What about authors who do want to DIY, though? Having a publishing division might certainly be an incentive for an agency to discourage such efforts–and if the agency’s author-agent agreement includes interminable agency language, the agency might even be tempted to argue that its claim extended to publishing. What about authors who’d rather their agents tried to re-sell their out-of-print work to a trade publisher? If the agency has its own publishing division, how motivated will it be to do this for books it could easily and perhaps profitably publish itself? How much pressure might it bring to bear to encourage clients to allow it to exploit their rights directly? What about the allocation of resources–how much of an impact might running a publishing division have on an agency’s focus on selling new titles, even if the agency outsources much of the work?
And what about new clients with yet-to-be-published manuscripts, or existing clients whose manuscripts don’t sell immediately? So far, most agency publishing ventures concentrate on backlist–but that may not continue to be the case. For an agency with a publishing arm that publishes new work, to what degree might the prospect of publishing a client itself compromise its motivation to aggressively market the client’s manuscript to other publishers–or, for a prospective client, to offer a publishing deal rather than representation?
Even for unimpeachably reputable agencies, adding a publishing division poses a multitude of conflict-of-interest issues (as Piers Blofeld acknowledges in the quote above). For practical as well as ethical reasons, agencies that are considering an expansion into publishing MUST consider these issues, and come up with policies to address them. One possibility, for agency-owned publishers that will be issuing new work as well as backlist: raising an impenetrable wall between the different branches of the business–i.e., new work by agency clients would never be contracted by the publisher, and new authors signed by the publisher would never be offered representation by the agency.

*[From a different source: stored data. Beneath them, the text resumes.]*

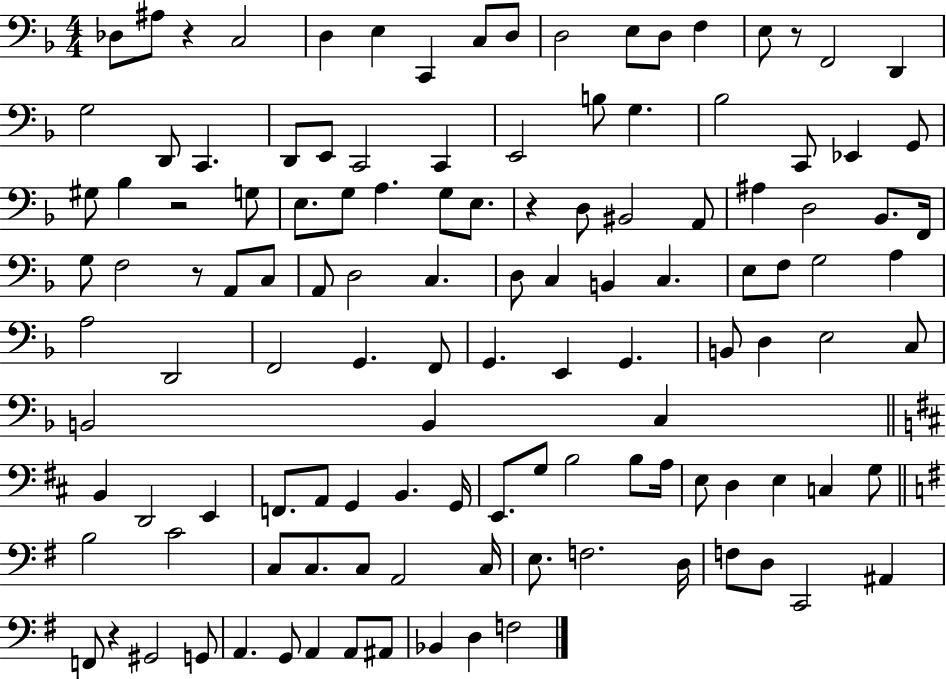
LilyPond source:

{
  \clef bass
  \numericTimeSignature
  \time 4/4
  \key f \major
  des8 ais8 r4 c2 | d4 e4 c,4 c8 d8 | d2 e8 d8 f4 | e8 r8 f,2 d,4 | \break g2 d,8 c,4. | d,8 e,8 c,2 c,4 | e,2 b8 g4. | bes2 c,8 ees,4 g,8 | \break gis8 bes4 r2 g8 | e8. g8 a4. g8 e8. | r4 d8 bis,2 a,8 | ais4 d2 bes,8. f,16 | \break g8 f2 r8 a,8 c8 | a,8 d2 c4. | d8 c4 b,4 c4. | e8 f8 g2 a4 | \break a2 d,2 | f,2 g,4. f,8 | g,4. e,4 g,4. | b,8 d4 e2 c8 | \break b,2 b,4 c4 | \bar "||" \break \key d \major b,4 d,2 e,4 | f,8. a,8 g,4 b,4. g,16 | e,8. g8 b2 b8 a16 | e8 d4 e4 c4 g8 | \break \bar "||" \break \key e \minor b2 c'2 | c8 c8. c8 a,2 c16 | e8. f2. d16 | f8 d8 c,2 ais,4 | \break f,8 r4 gis,2 g,8 | a,4. g,8 a,4 a,8 ais,8 | bes,4 d4 f2 | \bar "|."
}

A big part of the dizzying pace of change in publishing is the rapidity with which the lines are blurring–between publishers and self-publishing, between booksellers and publishers, between agents, editors, and publicists, and between agencies and publishers. More and more, there are no hard and fast rules, and nearly everything needs to be evaluated in context. To top it off, the scams are still out there. It’s more vital than ever to be an educated writer–to continuously inform yourself about the publishing world, and to keep abreast, as much as possible, with what’s going on within it.
In a universe of change, knowledge is your greatest ally–and your best defense.